>>>
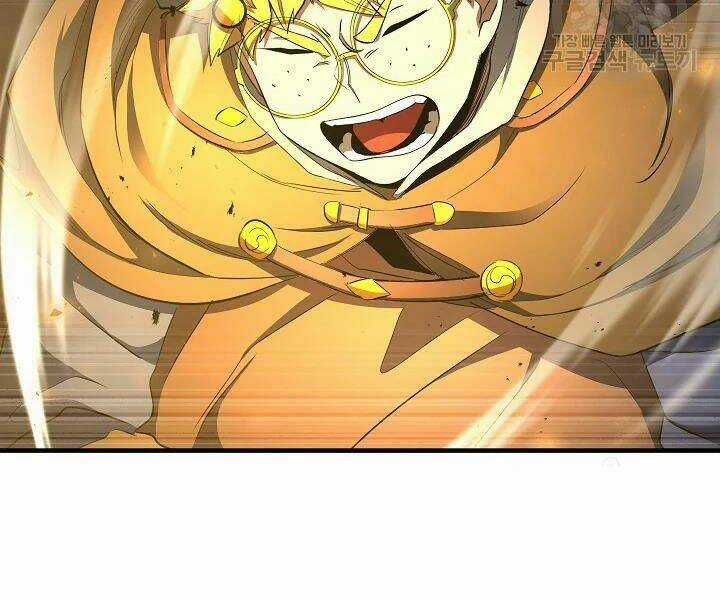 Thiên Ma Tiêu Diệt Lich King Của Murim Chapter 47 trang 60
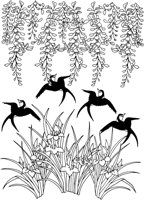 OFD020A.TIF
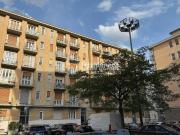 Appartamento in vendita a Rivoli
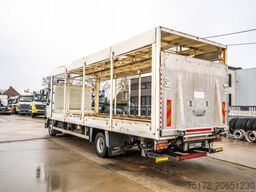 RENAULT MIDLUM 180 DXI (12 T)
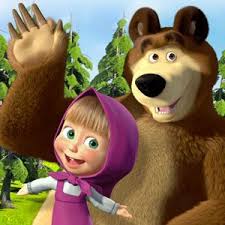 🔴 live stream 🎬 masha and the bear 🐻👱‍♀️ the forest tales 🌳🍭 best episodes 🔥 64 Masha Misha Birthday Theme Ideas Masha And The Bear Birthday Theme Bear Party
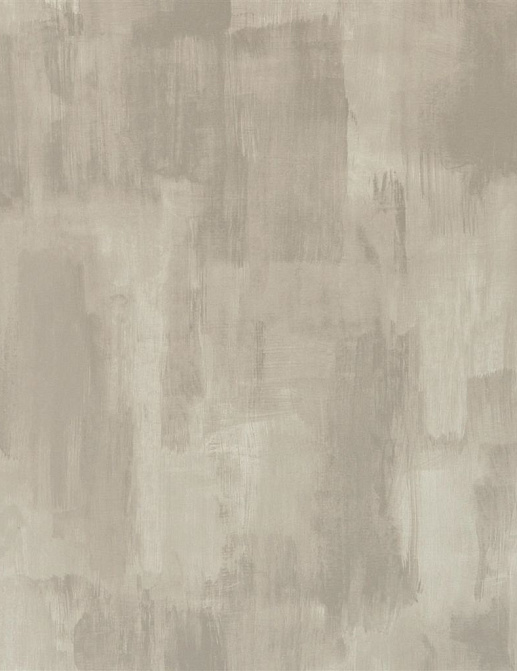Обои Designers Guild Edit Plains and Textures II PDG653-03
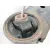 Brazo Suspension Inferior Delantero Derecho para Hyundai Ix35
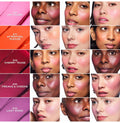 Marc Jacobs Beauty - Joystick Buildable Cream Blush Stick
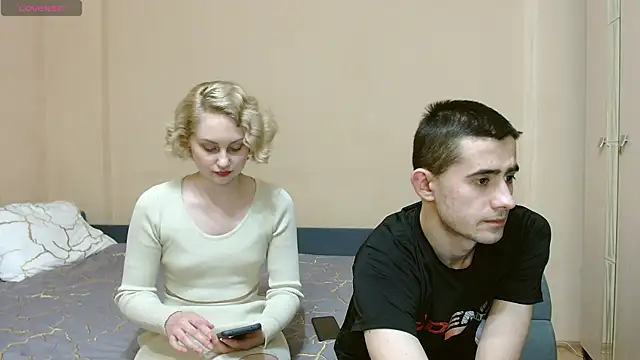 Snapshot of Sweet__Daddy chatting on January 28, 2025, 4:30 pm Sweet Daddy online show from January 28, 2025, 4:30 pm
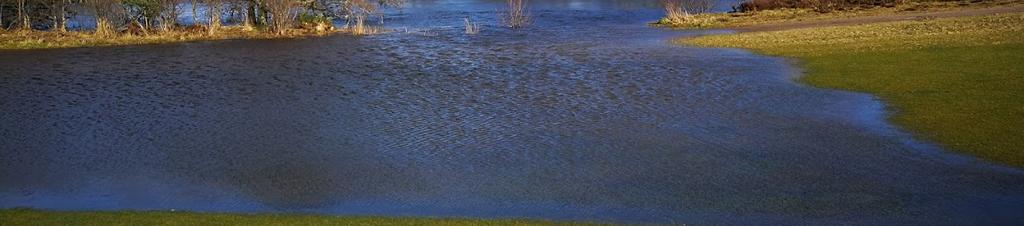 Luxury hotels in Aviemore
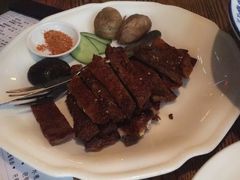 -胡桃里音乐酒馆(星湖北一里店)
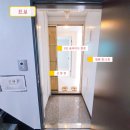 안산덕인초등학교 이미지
<<<
**Exercise goal**.
Retype all of the material above exactly; the pictures stay out.

**Reply**.
 Thiên Ma Tiêu Diệt Lich King Của Murim Chapter 47 trang 60
 OFD020A.TIF
 Appartamento in vendita a Rivoli
 RENAULT MIDLUM 180 DXI (12 T)
 🔴 live stream 🎬 masha and the bear 🐻👱‍♀️ the forest tales 🌳🍭 best episodes 🔥 64 Masha Misha Birthday Theme Ideas Masha And The Bear Birthday Theme Bear Party
Обои Designers Guild Edit Plains and Textures II PDG653-03
 Brazo Suspension Inferior Delantero Derecho para Hyundai Ix35
 Marc Jacobs Beauty - Joystick Buildable Cream Blush Stick
 Snapshot of Sweet__Daddy chatting on January 28, 2025, 4:30 pm Sweet Daddy online show from January 28, 2025, 4:30 pm
 Luxury hotels in Aviemore
 -胡桃里音乐酒馆(星湖北一里店)
 안산덕인초등학교 이미지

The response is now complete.